|Rabbi Dov Linzer, Rosh HaYeshiva of YCT|
1. Rabbi Weiss has created and supports Yeshivat Maharat that ordains women for the rabbinate. He has stopped short of calling them rabbi (or rabba as he did with his first odainee) at the request of the RCA who threatened to expel him if he continued. But calling them Maharat does not change the fact that he considers them rabbis.
The material these women study is the same as men who study for the rabbinate and they are tested on it the same way. Calling them by another name changes nothing. Outside of Rabbi Weiss and his schools, Orthodox opposition to female rabbis is universal. I have discussed why this is the case in the past. But it is beyond the scope of this post.
2. Open Orthodoxy goes way beyond loving the sinner and hating the sin when it comes to homosexuality. I have no problem with same sex attraction and neither does the Torah. But I do have a problem with acting on it in ways which the Torah tells us is a capital offense. This does not mean I can’t have sympathy for those who sinfully succumb to their desires. But Open Orthodox rabbis practically permit it. Or at least claim that Torah would consider such acts involuntary and therefore not subject to the prohibition (Oness Rachmana Patrei). This kind of thinking turns the Torah on its head and virtually permits a clearly stated forbidden act.
3. YCT is too easy on those within their own movement that question whether the events at Sinai ever happened. Even though YCT does not question it, they tolerate those who do. That takes being Dan L’Kaf Zechus to an absurd degree, in my view.
4. And then there is their public engagement with non Orthodox rabbis in theological matters. There too they have gone astray. By publicly embracing them in religious contexts they are in effect being seen as legitimizing theologies that are illegitimate. This is something that Rabbi Weiss’s mentor Rav Soloveitchik prohibited. I agree with him.
I will however say that on this last issue I am sympathetic even as I disagree. I understand that they see this as a form of reaching out to secular and non Orthodox Jews in order to try and stop the hemorrhaging of Jews out of Judaism via apathy and intermarriage – a fact documented by various surveys to one degree or another.

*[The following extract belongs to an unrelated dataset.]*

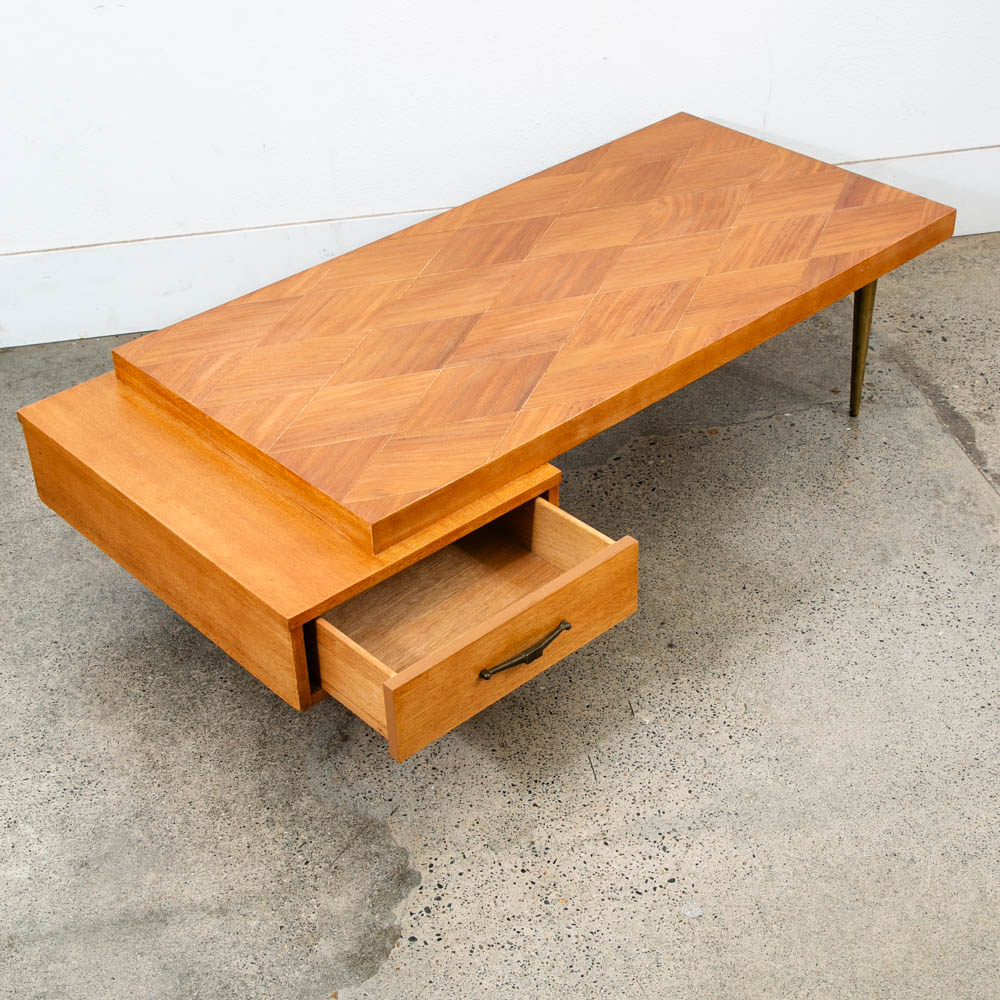 Mid Century Modern Coffee Table Mahogany Drawer Blonde Wood Mansion House Mcm - Image 6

Because of this I do think we ought to re-think whether we should interact with non Orthodox rabbis and movements. But I believe we need more input from a broader base in Orthodoxy than just the left in how to go about it. But I digress
These are just a few of my problems with Open Orthodoxy, YCT, and Rabbi Weiss. And yet, I am opposed to the suggestion by some that advocate throwing him and his Yeshiva out of Orthodoxy. As I’ve said many times, even with all of the serious issues I have with him, Rabbi Weiss has never advocated violating Halacha. His ‘sins’ are all Hashkafic or deal with matters of public policy.
I believe in Achdus, with both the right and the left. As I recently said, we have more that unites us than divides us.
Apparently I am not the only one who thinks this way. There are prominent people on the right who do as well. The Spinka Rebbe (not the one who was imprisoned for money laundering and fraud – there is more than one Spinka Rebbe) is one of them. Or at least his Gabbai is. I’m sure he has the same problems if not more with the Hashkafos of OO, YCT, and Rabbi Weiss. And yet he embraces them in the spirit of Achdus. The following is from Rabbi Dov Linzer, Rosh Yeshiva of YCT:
Last night, we ended our week with a kumsitz and had the special zchut of experiencing a truly uplifting moment. Just as the students were about to leave for the night, Rav Avi entered in to the yeshiva arm and arm with a chossid. Rav Avi had made a shiva call in Williamsburg to the family of Menachem Stark, a Satmar chossid who was brutally murdered, leaving behind 7 children.
As he was leaving the shiva house, the gabbai of the Spinka Rebbe asked him if he needed a ride. Rav Avi asked to be taken to the train, but the gabbai wouldn't even consider just driving Rav Avi to the train. Instead, he drove Rav Avi all the way back to Riverdale (and would then have to drive back to Brooklyn for a dinner he was chairing to support the poor).
The two of them joined the Winter Learning students in song and dance. The gabbai of the Spinka Rebbe gave the students an inspirational bracha and then was on his way. It was amazing to experience this unifying moment, and it was a great way to cap off an invigorating week.